Following this top-down approach, we encode further program choices starting from the main function. For example, see below the main Single Loop function. Upon analysing student data, we identified that the main variations at this point steemed from:

1. Deciding weather or not to write a recursive function;
2. Deciding weather or not to specify variable types in the function signature;
3. Deciding weather or not to use in-body helper functions. 

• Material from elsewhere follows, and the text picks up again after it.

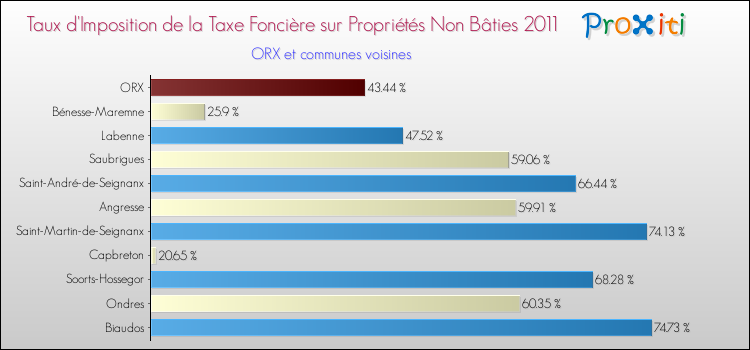 Taux d'imposition de la taxe foncière sur les immeubles et terrains non batis 2011 pour ORX et les communes proches Comparaison des taux d'imposition de la taxe foncière sur les immeubles et terrains non batis 2011 pour ORX et les communes voisines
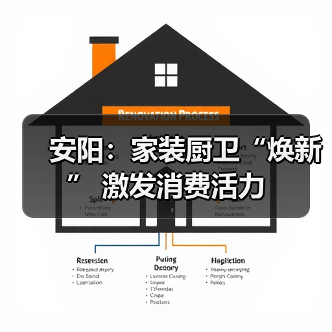 安阳：家装厨卫“焕新” 激发消费活力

Thus, we add choices for `recursion`, `params`, and `helper_in_body` accordingly: 

### Main Function

```ocaml
{%- if not helper_in_body -%}
    {{helper_body}}
{%- endif -%}

let {{recursion}} rainfall {{params}}
    {%- if helper_in_body -%} (* helper body + rainfall body *)
    {{helper_body}} in 
    {{rainfall_body}}
    {% else -%} (* rainfall body for out of body helpers *)
    {{rainfall_body}}
    {% endif -%}
```

Note that the main function for Clean First and Clean Multiple follow a similar structure. 

### Sound Variations

#### Simple Variations

To understand the encoding syntactic variations of the function signature, see below the `params` node. It relies on a boolean variable `uses_annotation` that we encoded. Note that both options are semantically equivalent. 

```ocaml
{%- set params -%}
    {%- if uses_annotation -%} (* Add types *)
        (list_name : {{_type}} list) : {{_type}} = 
    {%- else -%} (* Exclude types *) 
        list_name = 
    {%- endif -%}
{%- endset -%}
```

#### Complex Variations

Now, take a closer look a the `rainfall_body` node in the Single Loop structure. Once again, it encodes all syntactically equivalent options students may choose when writing this part of their solution. 

```ocaml
{%- set rainfall_body -%}
    (* Students may choose to directly call their helper function, 
       without checking for division by zero first. 
       The helper function is responsible for outputting the average. *)
    {%- if rainfall_body_specs == 'direct_pass' -%} 
        helper_name list_name 0{{dot}} 0{{dot}}
    
    (* Students may choose to call their helper function using
       `match` or `let`, and having checked for division by zero.
       The helper function is responsible for outputting the average. *)
    {%- elif recursion_strategy == 'match' -%} {# recurse #}
        match list_name with
        | {{check_empty_list}} -> {{failure}}
        | _ -> helper_name list_name 0{{dot}} 0{{dot}}
    
    {%- elif recursion_strategy == 'let' -%}
        let (addition_var, counter_var) = helper_name list_name 0{{dot}} 0{{dot}} in 
        if counter_var = 0{{dot}} then {{failure}}
        else (addition_var /{{dot}} counter_var)
    
    (* Finally, students can choose to output the average in the main function. *)
    {%- else -%}
        match list_name with
        | {{check_empty_list}} -> {{failure}}
        | (addition_var, counter_var) -> addition_var /{{dot}} counter_var
    {%- endif -%}
{%- endset -%}
```

### Rare Programs

Finally, in order to encode rare structures we can add nodes that are activated only under specific conditions. For example, in the node below, the code is only parsed if the variable `anonymous_helpers` is `True`. Only one student wrote this structure as part of their Clean Multiple solution, but the grammar can now both parse its structure in multiple programs as well as encode further variations, such as the different ways to output `failure` to compute the average.  

```ocaml
(...)

{% elif anonymous_helpers -%} 
(try ((List.fold_right 
(fun var var -> (if (var = (-999)) then {{failure}} else if (var < 0) then var 
 else (var + var))) list_name 0) /{{dot}} (List.fold_right 
    (fun var var -> (if (var = (-999)) then {{failure}} else if (var < 0) then var 
     else (1 + var))) list_name 0)) with division_by_zero_helper_name -> {{failure}})
{% endif -%}

(...)
```

## Discussion

This generative tool holds two main assumptions: 

1. A human expert can correctly classify strategies of a small set (~30 samples) of student solutions. 
2. A human expert can correctly encode sound variarions (semantically equivalent) of lines of code for a given task, 

where a human expert can be a faculty member or a teaching assistant. 

With that, we were able to generate 10k+ unique solutions, far more than the 44 programs we analyzed, increasing the size and diversity of our training dataset by 227 fold.